We blend business data with geographic data to reveal the relationship of location to people, transactions, facilities and assets. We know that real issues which our clients encounter are multidimensional in nature and in many cases present high levels of uncertainty. To deal with those customer requests, we bring together comprehensive datasets based on public, commercial and government data, then engage multi-criteria analysis to distinguish the importance of different data inputs, and dynamically work through "what if" scenarios.
One-off research projects based on geo-spatial data and relevant methods.
Improved location-based decisions by combining various geographic and business data.
Aggregating the required data from various sources and filling the gaps.
Visualisation and sharing of geographical data using the latest GIS and BI tools.
We work with a large number of data sources to perform multidisciplinary location searches at local, state and national levels. Data categories that we utilise include biophysical, socioeconomic, infrastructural, and administrative information. Extensive use of spatial data allows us to answer questions specific to site cadastral boundaries or define business-specific regions. Additionally we can analyse temporal dimensions of user requirements and bring together historic, current and strategic data layers to analyse trends and increase certainty in decision making processes.

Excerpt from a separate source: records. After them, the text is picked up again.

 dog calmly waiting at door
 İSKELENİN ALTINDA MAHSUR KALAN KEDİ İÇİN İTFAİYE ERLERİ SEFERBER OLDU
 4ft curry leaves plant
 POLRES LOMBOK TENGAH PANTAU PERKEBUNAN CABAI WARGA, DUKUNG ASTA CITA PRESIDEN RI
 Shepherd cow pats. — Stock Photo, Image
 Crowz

We help organisations to turn location data into business outcomes through enrichment of data, visualisation and iterative analysis. Below is an outline of steps we undertake to complete a typical location analytics project:
Identifying the requirements and opportunities.

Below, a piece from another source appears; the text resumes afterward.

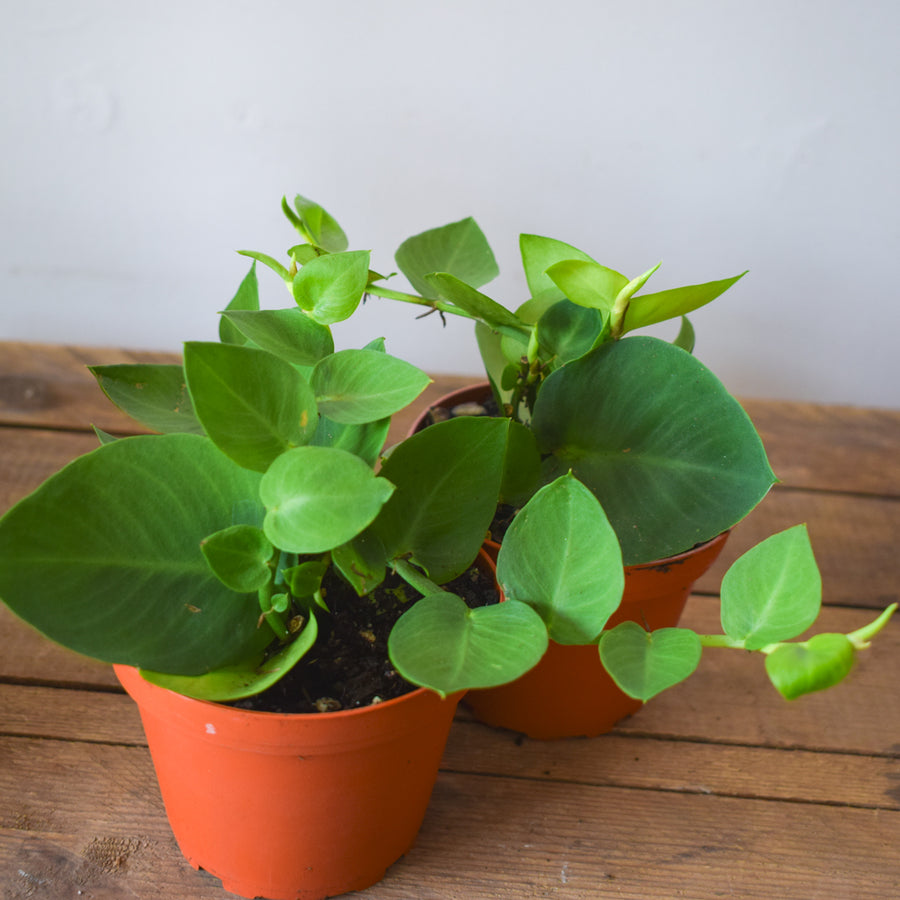 Shingle Plant (Rhaphidophora Korthalsii)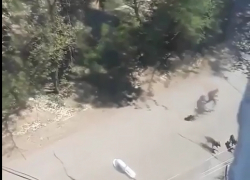 В Астрахани толпа подростов закидала камнями дедушку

Getting the data from multiple sources.
Filling in the gaps and enriching the raw data.
Preparing the data model for analysis.
Performing the multi-criteria analysis.
Providing the results as reports or dashboards.

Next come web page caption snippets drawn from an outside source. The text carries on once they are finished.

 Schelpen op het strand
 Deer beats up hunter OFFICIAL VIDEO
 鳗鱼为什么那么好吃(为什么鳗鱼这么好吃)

We created the example below to demonstrate our approach to Location Analytics.
A fictional business case features an online bike shop looking to improve their sales in Melbourne.
First, we made a research to identify the target demographics.
The analisys showed that people with a Graduate Diploma, Bachelor Degree or Postgradute Degree, aged between 20 and 59 years,
and living within 10 km from their work place, are most likely to ride a bike.
Then we identified Melbourne suburbs with substantial population (over 2,000) matching the above criteria.
Finally, we matched this information with the last year's sales of the fictional company.
This clearly demonstrated which suburbs are performing well and where the sales could be improved.
On the map below, larger bubbles represent the suburbs with more potential cyclists.
The colour reflects the sales performance, with the red colour showing the lowest sales per capita and the green being the highest.
It is easy to spot the quick wins like Northcote, Hawthorn and St Kilda, which have no sales and a relatively large target audience.
This information could be directly actioned by the sales and marketing department.
Please feel free to investigate the map further by zooming in/out and hovering over individual bubbles to view their details.
We created the example below to demonstrate our approach to Location Analytics.
A fictional business case features an online bike shop looking to improve their sales in Melbourne.
First, we made a research to identify the target demographics.
The analisys showed that people with a Graduate Diploma, Bachelor Degree or Postgradute Degree, aged between 20 and 59 years,
and living within 10 km from their work place, are most likely to ride a bike.
Then we identified Melbourne suburbs with substantial population (over 2,000) matching the above criteria.
Finally, we matched this information with the last year's sales of the fictional company.
This clearly demonstrated which suburbs are performing well and where the sales could be improved.
On the map below, larger bubbles represent the suburbs with more potential cyclists.
The colour reflects the sales performance, with the red colour showing the lowest sales per capita and the green being the highest.
It is easy to spot the quick wins like Northcote, Hawthorn and St Kilda, which have no sales and a relatively large target audience.
This information could be directly actioned by the sales and marketing department.
Please feel free to investigate the map further by zooming in/out and hovering over individual bubbles to view their details.
Here are a few real-world scenarios of how location analytics could help a business achieve their goals or gain competitive advantage.
Sunshine Coast, QLD
We were contracted to help finding a freehold land parcel located in Sunshine Coast Hinterland. Using the criteria provided by the customer (size, soils and hydrology, proximity to transport corridors), we made a selection of 20 lots (chosen from over 1 million), thus helping the client make the final decision.
Brisbane, QLD
A company contracted us to help identifying QLD suburbs that have the highest potential for expanding their business. Using the data available both internally and externally, we designed the criteria and analysed the business growth potential based on the existing and potential customers in each suburb.
North Coast, NSW
Our client required an analysis of potential markets for expanding their partner network. We collated information from multiple data sources, including the current sales by area and potential customers (based on industry workforce stats). This helped the client decide which areas require attention.
Sydney, NSW
An international investor required a property within 10-20 min drive from multiple suburbs with a specific ethnic profile. We used a number of criteria (such as available infrastructure, steepness, size and shape) to short list 25 properties (from over 1.5 million available parcels) for further consideration by the client.